E allora, prima all’alba europea e poi durante un concerto, calci di rigore. Ho immaginato cos’è per me un penalty. Ho pensato alla gente, ai maxischermi, a un bar di periferia o a un hotel di lusso, a tutto il sistema piegato a qualcosa di così epico. Perché il calcio è come la musica, come la religione. Non ha classi sociali, arriva a tutti. Figuriamoci una partita decisa ai rigori. Qualcosa che resta nella memoria per molto tempo. Un rigore è un rigore: che momento, quando il calciatore arriva davanti alla porta e piazza il pallone! Il tempo si ferma. Immagino, al rallentatore, i suoi parenti e amici davanti alla tv, che gioiscono o soffrono. Immagino tutti i retroscena, la storia personale di quel calciatore, come è arrivato fino a lì, quante ne ha passate, quante emozioni sta mettendo in quel pallone, in quel dischetto, tutta una vita fino ad arrivare lì, a un tiro in porta. Immagino un bambino che cresce, diventa uomo e mette tutta la tua storia, esperienza, problemi personali, gioie, tecnica, soddisfazioni, forza, passioni, tutte lì …in un istante. E ci sei anche tu lì, a tirare il rigore. O a pararlo. Per un attimo non sei più il pubblico, sei lui: ora lo tiro nell’angolino, di piatto, guardo il portiere e lo spiazzo, si… anzi no, lo tiro forte e centrale a mezz’altezza tanto si butta. Una cannonata e via. Neanche lo guardo il portiere. O lo guardo fino all’ultimo. Che poi, rivedendo le facce dei giocatori, sapendo com’è andata la partita, sai se segneranno oppure no. Si vede. Si vede la paura, l’ansia, la determinazione. Si vede subito. In uno smartphone o su un maxischermo, il mondo è fermo, e quel volto dice già tutto. Il boato, è questione di geografia. In alcune parti del mondo urleranno di gioia per il gol, in altre se il tiro viene parato, o se non entra. E partono le sentenze. Ognuno di noi, subito dopo, da calciatore diventa giudice severissimo, per tutti i secoli dei secoli. L’imputato viene giudicato per il rigore. Tutta la sua storia personale si riduce a quell’istante. E tu, che da una vita corri dietro a un pallone… se sbagli, si ricorderanno dell’errore. Se segni, meno male. Se lo pari, sei un eroe. Amen.

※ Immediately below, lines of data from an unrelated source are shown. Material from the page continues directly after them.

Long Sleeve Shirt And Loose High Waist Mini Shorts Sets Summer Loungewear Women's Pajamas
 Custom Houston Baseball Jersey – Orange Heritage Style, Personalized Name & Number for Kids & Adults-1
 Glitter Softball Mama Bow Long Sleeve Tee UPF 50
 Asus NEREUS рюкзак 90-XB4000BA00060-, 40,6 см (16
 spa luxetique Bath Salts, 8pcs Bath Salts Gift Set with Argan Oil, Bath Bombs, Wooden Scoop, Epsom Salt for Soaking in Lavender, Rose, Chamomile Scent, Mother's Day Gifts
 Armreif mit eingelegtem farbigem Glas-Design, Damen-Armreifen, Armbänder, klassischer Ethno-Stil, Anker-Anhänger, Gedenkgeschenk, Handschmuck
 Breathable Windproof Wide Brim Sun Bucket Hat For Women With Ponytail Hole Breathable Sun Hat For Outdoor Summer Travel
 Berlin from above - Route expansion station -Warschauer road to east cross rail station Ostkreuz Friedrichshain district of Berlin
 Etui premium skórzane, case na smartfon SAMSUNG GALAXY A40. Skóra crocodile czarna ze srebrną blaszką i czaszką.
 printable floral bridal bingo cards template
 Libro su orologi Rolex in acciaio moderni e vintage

Un calcio di rigore è l’immagine della vita. Ci sei tu, da solo, destro o sinistro, lì sul dischetto, contro te stesso. Che sia tu a tirare, o a parare, non importa. In fondo sei sempre solo ad affrontare la vita, e a tutti capita di tirare il proprio calcio di rigore. Che segni o che sbagli, che pari o che ti spiazzano… le luci sono tutte per te, in quell’istante. Non ti dicono che il pallone te lo riporterai comunque a casa per ricordo, firmato da tutti i tuoi compagni di squadra, dall’allenatore, dagli avversari, dall’arbitro, dal guardalinee e dal quarto uomo, dal pubblico, dal telecronista, dal tassista che ascolta la radio, dal bambino con la tua maglietta per il quale sarai eroe o fallito, dal cameriere col vassoio in mano in piedi per un attimo davanti allo schermo. Da tutti. Perché sei stato lì, presente all’appello.
La vita è come la lotteria dei rigori. A volte tiri, a volte pari, a volte sei l’arbitro, a volte esulti dagli spalti, a volte piangi, a volte ti volti o chiudi gli occhi per non guardare.
C’è un momento per tutti, nella prossima partita, nel prossimo rigore, nella prossima volta in cui guarderemo noi stessi urlare: “GGGOOOOOOOLLLLLLLL!!!!!!!!!!!!!!!!!!!!!!”